Work item: Repeat, word for word, each of the records shown below, without their pictures.

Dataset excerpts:
::::
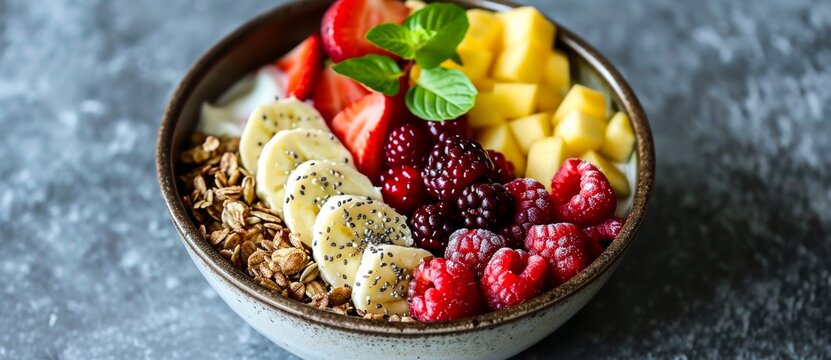 Indulge in a wholesome bowl of nutrient-rich oatmeal and a vibrant fruit salad, bursting with fresh strawberries and other natural ingredients, perfect for any vegetarian diet and beautifully present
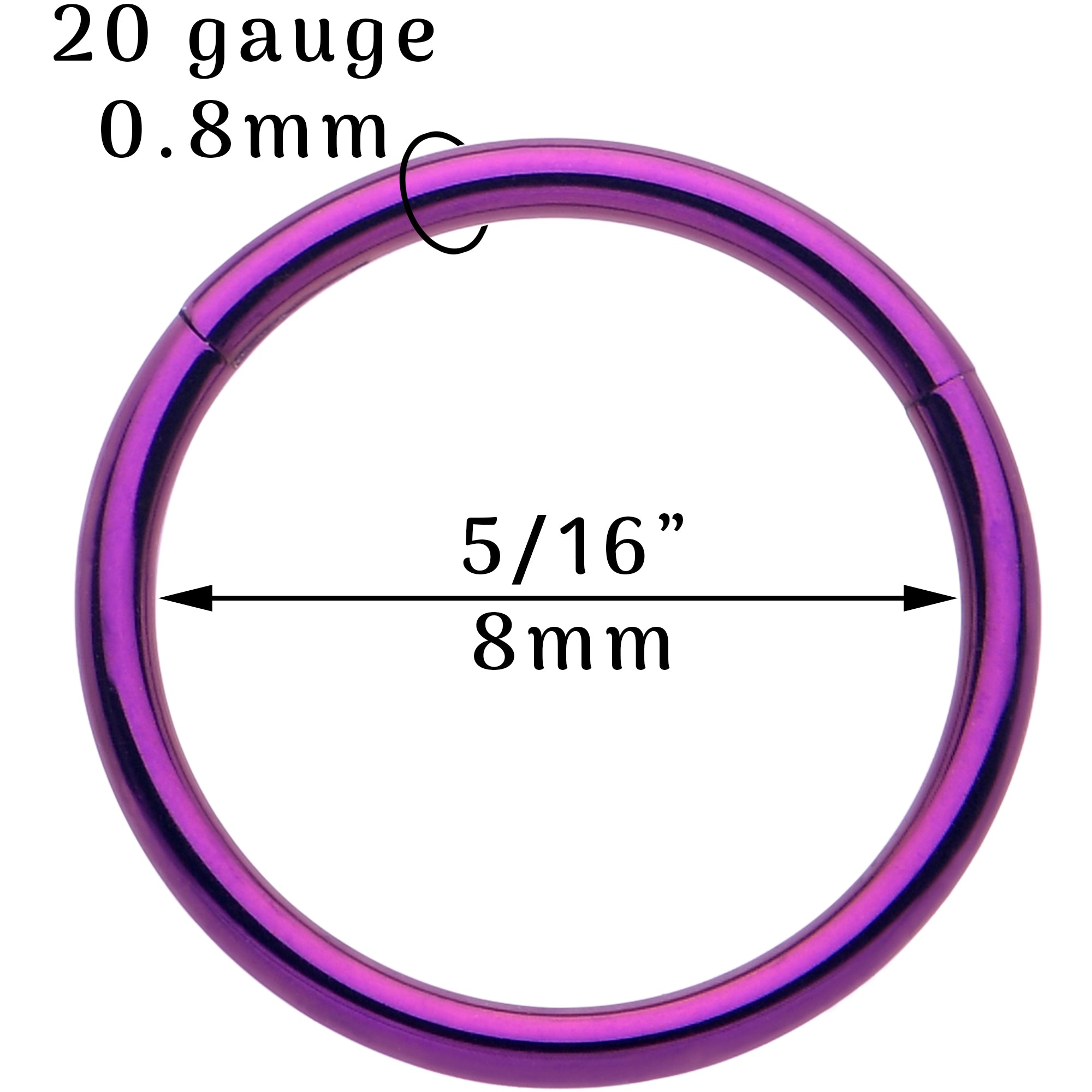 seamless hinged purple titanium nose ring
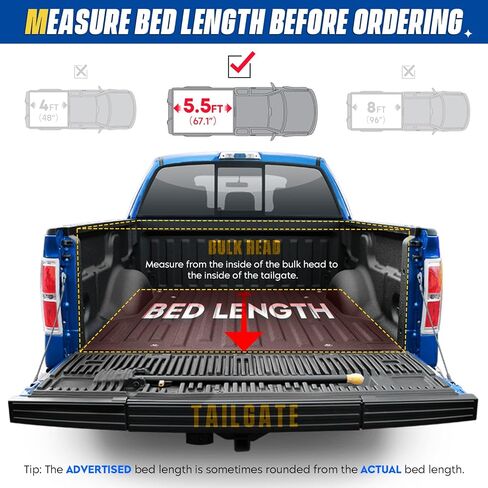 غطاء تونيو لسرير الشاحنة رباعي الطي بطول 5.5 قدم لسيارة Ford F-150 2015-2025، Fleetside 5.5 قدم 67.1 بوصة، وليس من أجل Flareside/Stepside. in Kuwait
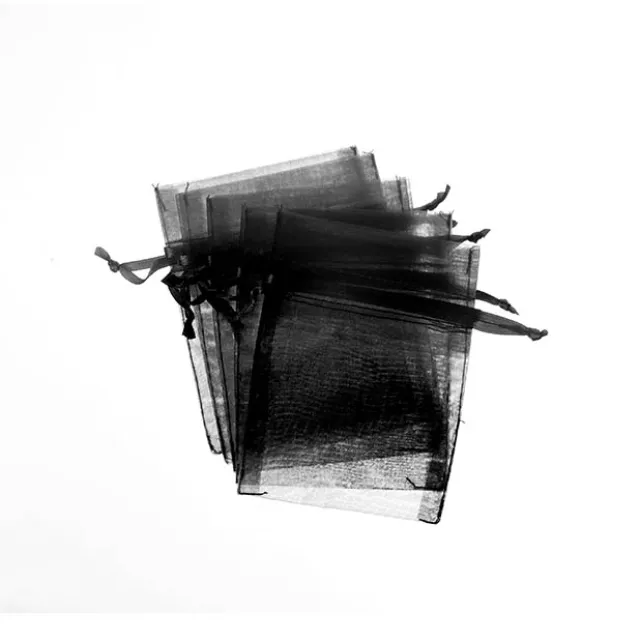 Organza Gift Bomboniere Bag Small Black Pack 10 (7.5x10cmH)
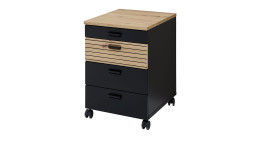 Rollcontainer Glenn mit Rollen in der Farbe Schwarz mit Absetzungen in Artisan Eiche Nachbildung, Schrägansicht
::::
Your solution:
 Indulge in a wholesome bowl of nutrient-rich oatmeal and a vibrant fruit salad, bursting with fresh strawberries and other natural ingredients, perfect for any vegetarian diet and beautifully present
 seamless hinged purple titanium nose ring
 غطاء تونيو لسرير الشاحنة رباعي الطي بطول 5.5 قدم لسيارة Ford F-150 2015-2025، Fleetside 5.5 قدم 67.1 بوصة، وليس من أجل Flareside/Stepside. in Kuwait
 Organza Gift Bomboniere Bag Small Black Pack 10 (7.5x10cmH)
 Rollcontainer Glenn mit Rollen in der Farbe Schwarz mit Absetzungen in Artisan Eiche Nachbildung, Schrägansicht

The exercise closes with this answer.